The Beatles song “In My Life” includes the line, “There are places I’ll remember.” There’s one new memorable place on Long Island for Beatles fans, at least through Jan. 15, where they can check out “Tomorrow Never Knows: A Beatles Installation” at Industry, a gallery and lounge in Huntington.
“It’ll take you back almost 60 years,” said Ron Seifried, 54, a Beatles memorabilia collector and organizer of the exhibit. “They arrived in America just over two months after the assassination of President Kennedy when the country was in a deep mourning period. The Beatles’ arrival influenced many facets of the American culture that continue to this day.”
Seifried, a web architect, author and Huntington Station resident, turned a 300-square-foot room at Industry into a Beatles fan’s paradise, adorning walls with photos and posters of the Fab Four. He sprinkled the space with Beatles memorabilia, recreating a teenage girl’s room as it evolved over a few years in the mid-1960’s.
A FAN IS BORN
A 2021 Newsday article about Seifried and his collection spawned the exhibit after readers contacted him. But Seifried’s interest in the band dates back to his childhood.
WHAT “Tomorrow Never Knows: A Beatles Installation”
WHEN | WHERE Through Jan. 15, Industry, 344 New York Ave., Huntington
INFO Free; industrymakers.art
He discovered The Beatles by listening to his older brothers’ records and watching "Yellow Submarine," but his fascination with the band and its impact on society really intensified after John Lennon’s death in 1980, when Seifried was 12.
He used money from mowing lawns to buy records from Titus Oaks Record Exchange in Huntington. Starting with a Beatles lapel button, he soon assembled a collection of Beatles artifacts.
Sharing Seifried's passion for the group was Dana Moriarty, 70, who was still living in Huntington when she saw the story on him. She was getting ready to move to North Carolina and didn't want to take her massive Beatles collection.
“At a certain point, you outgrow those,” Moriarty said of her collection. “I took everything off the walls and saved it. Articles and photographs.”
Still, she couldn’t bear simply abandoning that part of her and the Beatles’ past. “She wanted to give it so somebody who would appreciate and preserve her artifacts,” he said.
Moriarty had grown up in Uniondale, adorning her walls with Beatles clippings and photographs and mementos. "I was very much into their music. Over the years, every time a new album came out, my parents would buy it for me,” she said. “I saved newspaper articles and mounted them on construction paper I wallpapered my room with until all four walls were covered.”
She messaged Seifried before moving, asking if he’d like to take a look at her Beatles belongings. “There was a lot. I said, ‘If you want to take it, take it,” she said. “I kept a couple of magazines for myself, but I gave it all to him.”
Seifried told Mano Cris, curator of Industry, about his find. “I said one woman gave me her entire bedroom,” Seifried said. “He said, ‘You should create an art installation.’”
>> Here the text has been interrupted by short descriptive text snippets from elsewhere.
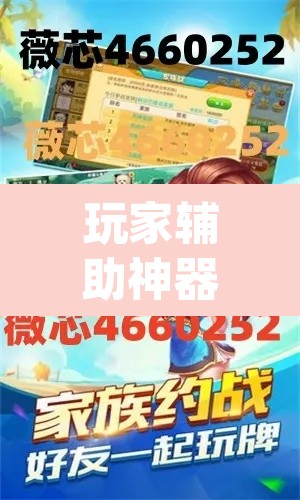 玩家辅助神器“琼州雀友有挂吗”(透视挂)辅助透视教程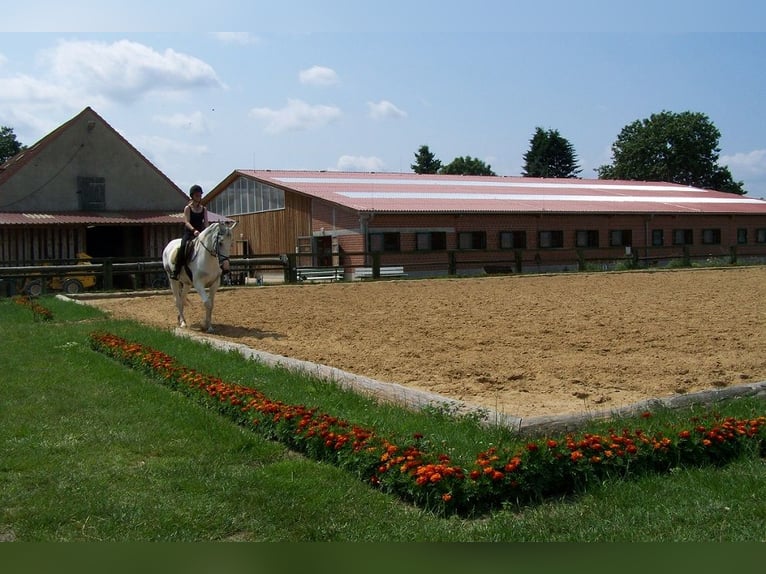 Caballo de equitación alemán pequeño Yegua 13 años  in Reichenwalde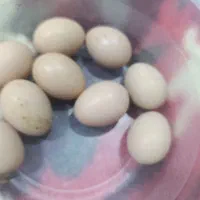 تخم نطفه دار برهما بشرط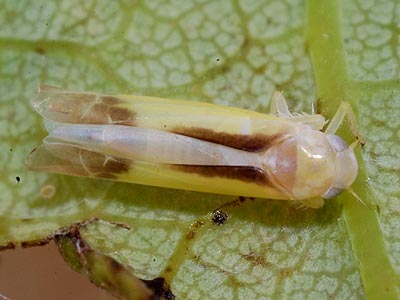 Ossiannilssonola callosa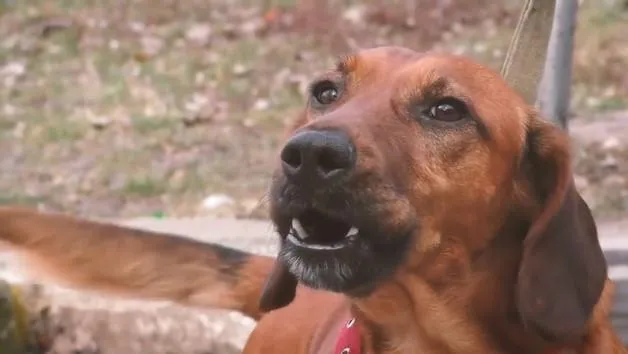 На Львівщині хлопець врятував собаку На Львівщині хлопець врятував собаку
Cris said the immersive nature of this show fits the venue’s off-the-wall view of art. “The whole idea is artwork shouldn’t just be, ‘Here you go. It’s on a wall, buy it,’” he said. “You’re supposed to interact with it.”
Instead of recreating Moriarty’s room, Seifried sought to show the evolution of a teenage girl from Beatlemania — the early craze and fascination with the band — through “Sgt. Pepper’s Lonely Hearts Club Band,” “Magical Mystery Tour” and their psychedelic period.
“It’s an installation because it’s a complete, unified experience, rather than an exhibit, which is a display of individual artworks,” Seifried said.
ALL IN THE FAMILY
Although much of the exhibit comes from Moriarty, along with a few of Seifried’s Beatles belongings, it’s personal for another reason. Seifried’s daughter, Julia, 17, an aspiring artist and a senior at Walt Whitman High School in Huntington, painted a Beatles-themed piece and provided some other artwork.
A video projector is being set up to loop archival footage of The Beatles, while visitors hear a playlist from 1964 to 1967. A rare double-sided “Yellow Submarine” marquee movie poster from a theater, “A Hard Day’s Night” movie poster, original Richard Avedon prints and an original London Palladium poster are on display.
Throw in a vintage TV, pink rotary telephone, psychedelic light projector, portable record player, lava lamps, mid-20th century furniture and you have the perfect setting for time travel.
The exhibit also serves as an innovative lens through which to look at the band through the eyes of a fan, while listening to their music.
“The sound, the music, the style. Their acting, in their movies,” Seifried said of the Beatles’ appeal. “It encompassed so much.”